Life as you know it will be interrupted for two weeks.
That the broken heart you feel each month that is equal to the pain you feel when you lose a loved one.
That all of a sudden nursing other people's babies becomes a depressing NOT joyful feeling
That you feel useless as a female
That you will soon be lying through your teeth telling people that you don't want children
That you feel that your body has betrayed you by not delivering a regular cycle, the right about of the required "hormones" or doing what it should now how to do.
That you feel stupid and naive for thinking a pregnancy would occur "when it was supposed to".

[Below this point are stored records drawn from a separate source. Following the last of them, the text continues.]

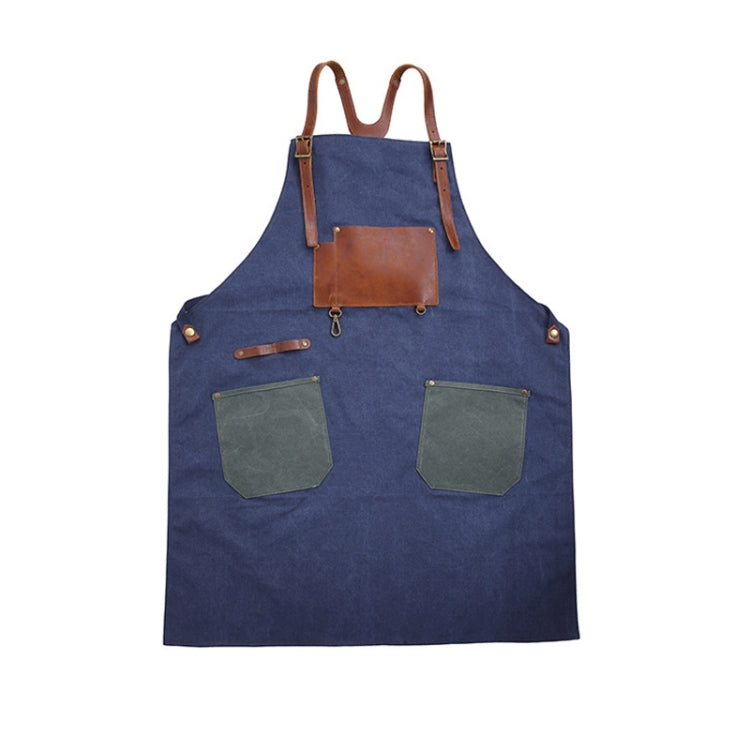 Retro Style Cotton Canvas Craftsman Work Aprons, Work Aprons(Blue)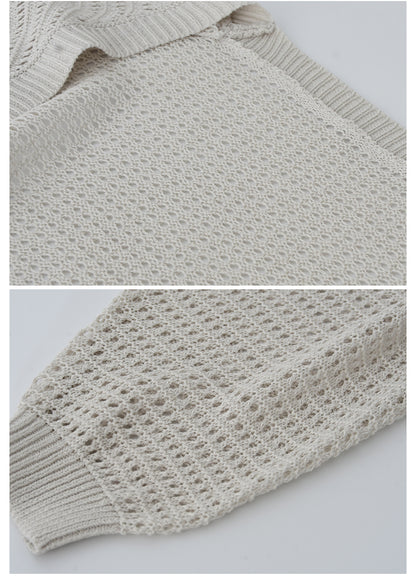 Dolman Sleeve Open-Front Mesh Knit Cardigan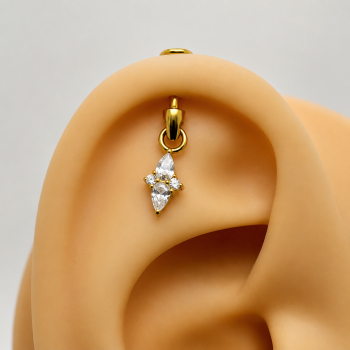 Vertical stones in gold
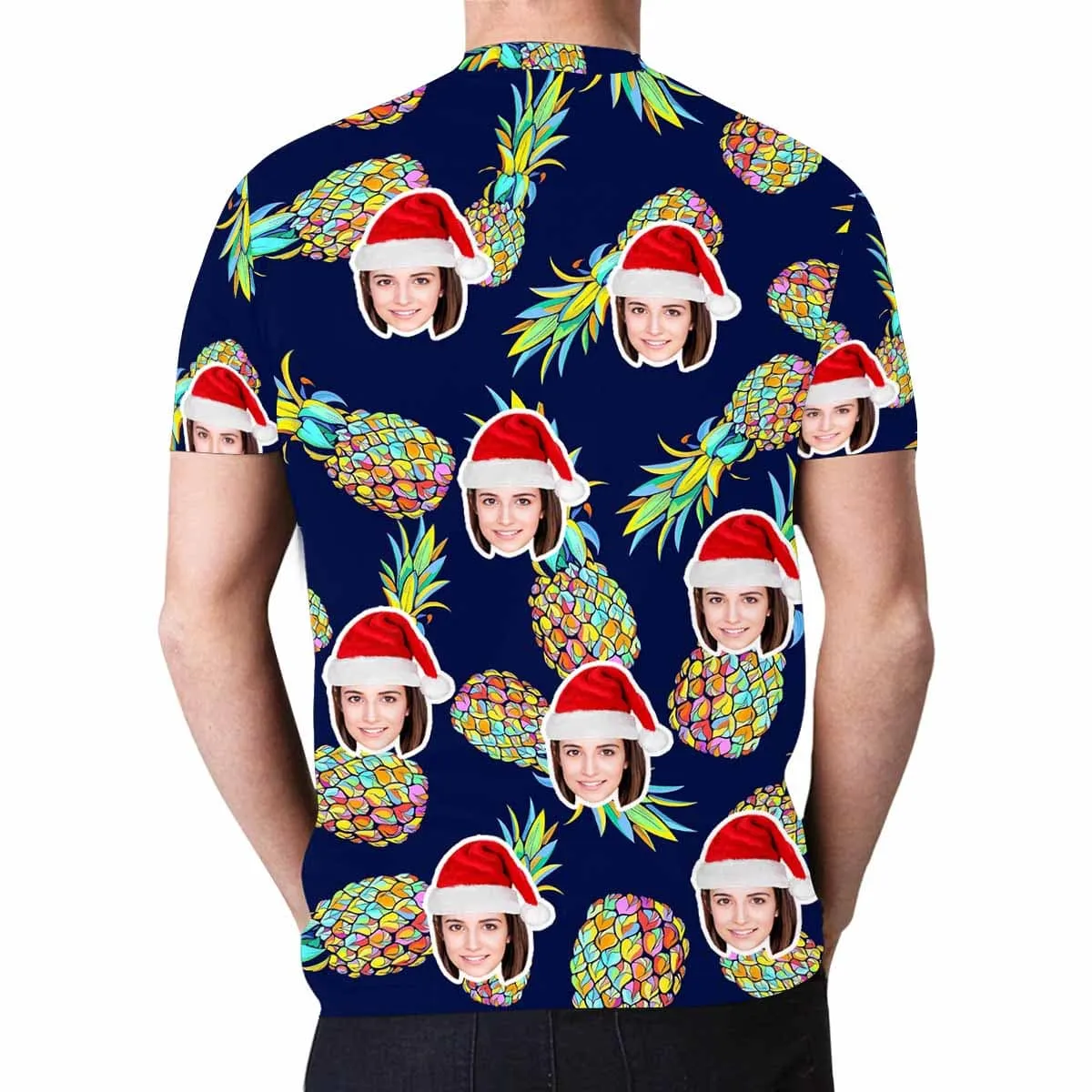Custom Face Pineapple Shirt Personalized Men's All Over Print T-shirt Graphic Design Tee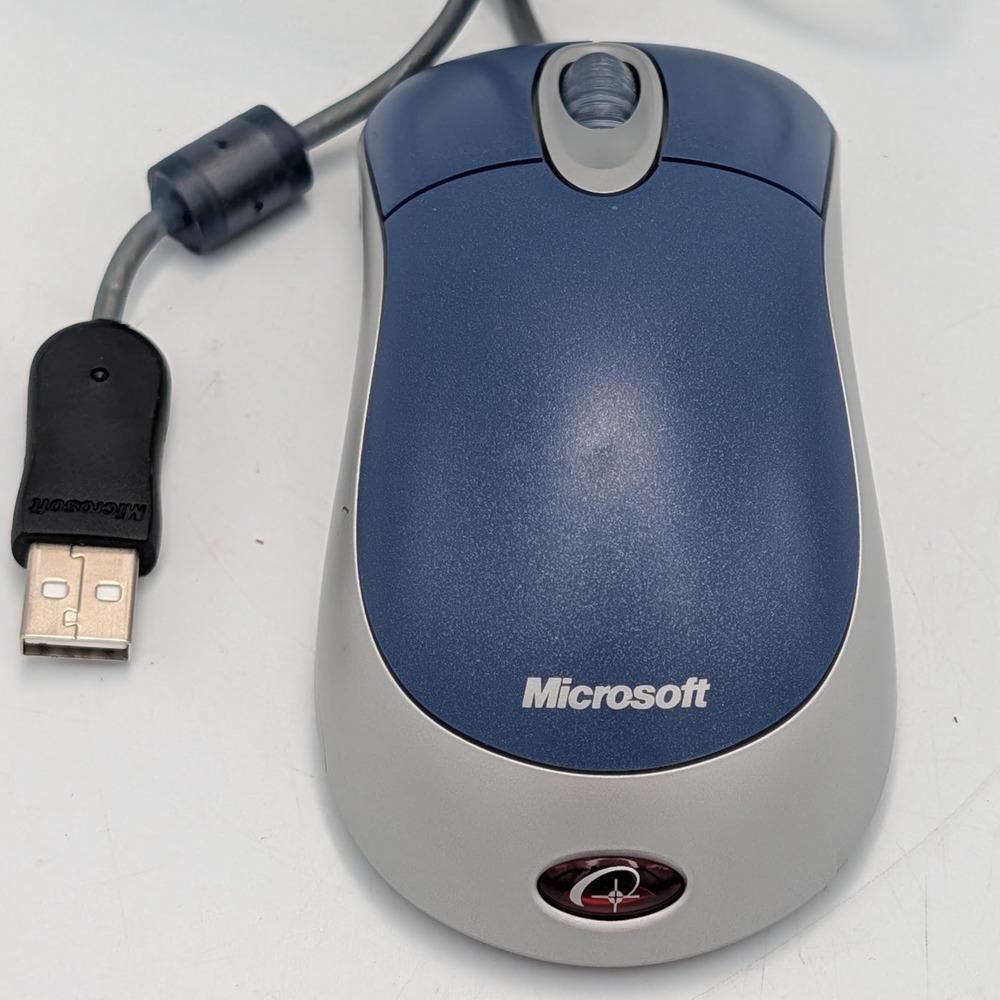 Microsoft Optical Mouse Blue Wired USB X802652 Y2K Retro Gaming Tested Works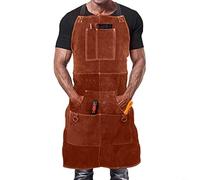 HEIBTENY Tablier de soudeur en cuir de vachette résistant à la chaleur 6 poches pour homme Marron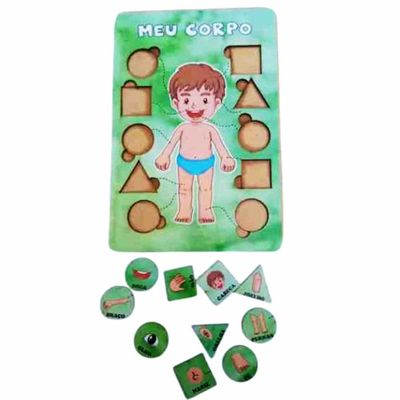 Quebra-Cabeça Meu Corpo -  Menino - Madeira - Marcio Artesanatos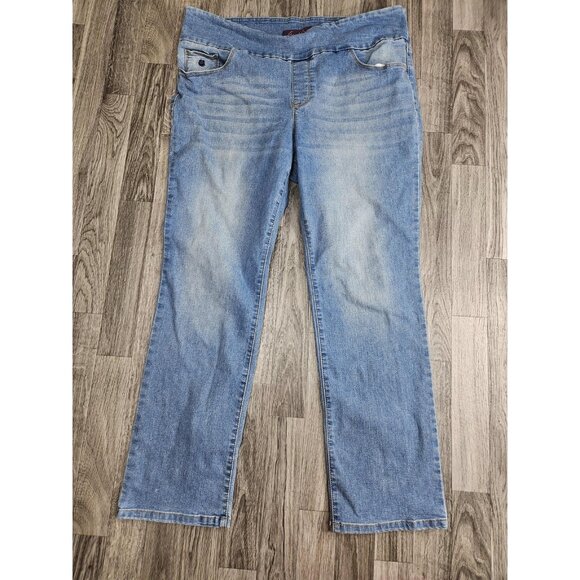 (3/$35) Gloria Vanderbilt Jeans Women 16 Short Blue Amanda Pull On Stretch Denim - Picture 1 of 12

That answering questions (and usually lying) about pregnancy or family plans would hurt so bad.
Preggers replied: ":("
TTC for #1 replied: "Yes I do know the feeling. and it is very appropriate
Thanks!"
Lyda S replied: "SO TRUE !!!!!!!!!!!!!!!!!!!!!!!!!!!!!!!!!!!"
baby.doll replied: "So sad.... But so true.
Life behind closed doors for alot of couples."
brbslp replied: "thank you for posting this......it's so true for most of us. I have been ttc for 17 months now. DH has issues that we're trying to correct. But it does seem that every where I go if I'm not seeing pg women it's babies. so it make the longing more intense."